Maybe I was wrong to assume that you were talking about the runs in the Postman Sonata, since you did say the "First Movement", but you didn't specify which Sonata you were talking about, So if you are talking about the Sonata No.3, then all I can say is that those Runs are not impossible, but they are difficult to learn properly without damaging your hands, and it does take a while to perfect. It incorporates, alternate pattern arpeggios. basically the same sort of thing that you see in the piano part of the first few pages of the RACH second Concerto. I have seen a lot of pianists use a lot of hand movement in that section, but I think it is better technique to minimize hand movement and use all five fingers (strengthen the 5th and 4th fingers for an even touch-something a piece like fantasie impromptu, which also has alternate pattern, help in attaining), this way you can achieve the same level of speed that you hear in the sonata's runs.


----------



## Ravellian

Yes I was referring to the 1st movement of the Sonata No. 3 in G major, specifically the parts from 5:00 - 5:30. Does this not sound 'digitized' to anyone else? I suppose I _could_ be wrong, in which case that is some very impressive playing.

Well anyway, I can't tell you how much better this is than 90% of the music that's being written today. You have an advanced knowledge of tonal harmony, and an ear for a good melody. You say you're following approximate sonata form... as far as I could tell of the first movement of the 3rd sonata, it sounds like the second theme starts around 1:08, with the development around 3:10 (maybe?), and the recap around 5:30. I think your 2nd theme is a nice complement to the 1st theme. However, for my taste it would be good to incorporate a bit more contrast to the piece; your piece builds to a nice climax up to right before the recapitulation using lots of ornamental figuration, but the pervading texture throughout the whole thing is still left-hand accompaniment, right hand melody usually moving in quarter notes and usually in chords, in approximately the same register. Without much left-hand material to speak of, and with the similar texture throughout, it sounds a bit more like a nocturne than a sonata.

To put it simply, add more contrast. It's tricky to do this without making the piece seem episodic, but the greatest composers (like Beethoven) were able to provide logical continuity throughout a piece while adding surprises and sudden shifts in mood throughout.


----------



## ricardo_jvc6

I kinda like the baguatelles, I might use it on Opus 10, I just need to know how you use the baguatelle style.
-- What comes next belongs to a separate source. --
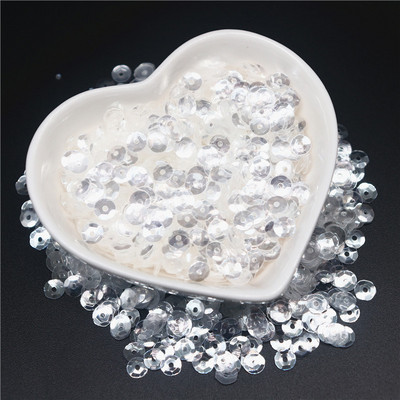 Crystal Caurspīdīgi Sequins 3mm 4mm 6mm Cup Plakani apaļi PVC vaļīgi fliteri DIY Craft Sieviešu apģērbu aksesuāri 10g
Thanks for sharing though.


----------



## Rasa

Bagatelle style?


----------



## ricardo_jvc6

Rasa said:


> Bagatelle style?


What I mean Rasa by the bagatelle style, its the form of the music thats composed. What I mean by this is time signature, Dynamics, the way its played.


----------



## Ravellian

Ricardo, 'bagatelle' just means short, small-scale piece. It's not in any particular 'style.'


----------



## ricardo_jvc6

Ravellian said:


> Ricardo, 'bagatelle' just means short, small-scale piece. It's not in any particular 'style.'


Oh Ok, I thought it was some sort type of a new music


----------



## Kopachris

http://en.wikipedia.org/wiki/Bagatelle

Oh, wait, you mean: http://en.wikipedia.org/wiki/Bagatelle_(music)


----------



## chopinsky

Usually a bagatelle should be innocent sounding "sweet" or "playful" if you will.


----------



## chopinsky




----------



## Rasa

Good

*edit*

no, very good.


----------



## chopinsky




----------



## ricardo_jvc6

Impromptu quite nice, remind me of the sea.


----------



## chopinsky

Thanks. It reminds me of the sea also. that is part of the reason for the Sail ships.


----------



## chopinsky




----------



## livioguerra

IMO, at least judging by what I heard ( I have not listened to ALL Maxwell's pieces ) absolutely NOT Chopin ... more Rachmaninoff ...
in any case the value of Maxwell's music is that is not easy to classify by sound-alike ...


----------



## chopinsky

These are some of the pieces that I removed from YouTube before, for various reasons.


----------



## chopinsky




----------



## chopinsky




----------



## chopinsky




----------



## chopinsky




----------



## juergen

Really great music! Would you care to describe a little the methods of composing you use? Are you using software?


----------



## chopinsky

A lot of the composing comes straight from sitting at the piano with blank music sheets, and a pencil. I usually try to record what I come up with to give something like a version control concept to different ideas. Later on, when I have developed the ideas to a satisfactory level, I move on to notate them on the computer using software like finale or sibelius.


----------



## juergen

Thanks. You are truly gifted.


----------



## chopinsky




----------



## chopinsky

This Piece might make more sense after listening to Video above.


----------



## Mesa

The last two videos are extraordinary. Excellent work!


----------



## TheComposer

would you consider yourself as part of the 'impressionist school'? just judging from the piano music you write.


----------



## Mesa

Will any of your works be available for purchase/download at any time in the near future? Need to get my mitts on Piano Sonata II. It is a matter of profound importance!


----------



## Chrythes

The Sonata II is very cool!


----------



## violadude

Iforgotmypassword said:


> I think they're all great. Very well put together and pleasant.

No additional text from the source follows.